There is another way if you don’t mind a bit of manual work.
Using Audacity or any other audio editor/DAW, put the wanted soundtrack on a stereo track, mono also OK.
Now create another stereo (or mono) track.
Into this, you insert audio “blips” into at the right places.
This “blips” can be any audio tone or even white/pink noise.
What I did find is it makes it easier later in SC to make the duration of each “blip”, 80mS (2 frames) if your video rate is 25 fps but up to you.
Once all done, mute the “blips” track and export only the soundtrack.
Now mute the soundtrack and export only the “blips” track.
Open SC and place the wanted video tracks.
Create an audio track and add the exported soundtrack.
Add another audio track and add the “blips” track to it.
As shown below, the video track/s are on top (the blue), the soundtrack on A1 and “blips” on A2:
Now, whenever you see a “blip”, cut the video at the same point.

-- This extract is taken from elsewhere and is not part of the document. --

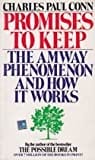 Promises To Keep - The Amway Phenomenon And How It Works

Once done, mute “blips” track A2 and export.
Certainly not automatic but does make it quicker cutting the video at the correct places
as the “blips” are already inserted at the right points.
Depending on your needs, it may do the trick.
There is a third way where you insert the “blips” at record time (on the camera).
Will post that in a day or two when I have some spare time.
Essentially it works like this:
If you are recording the footage yourself (like shown in the youtube video you linked to), use a camera with stereo external audio input.
On the left channel, you feed the wanted audio from a mic.
On the right channel, a tone burst, controlled via a switch.
This switch you press (to create the tone burst) at the right time.
From there it’s easy as these will then act as markers for your cuts.
If you are keen, I can draw you up a schematic diagram on how to build it.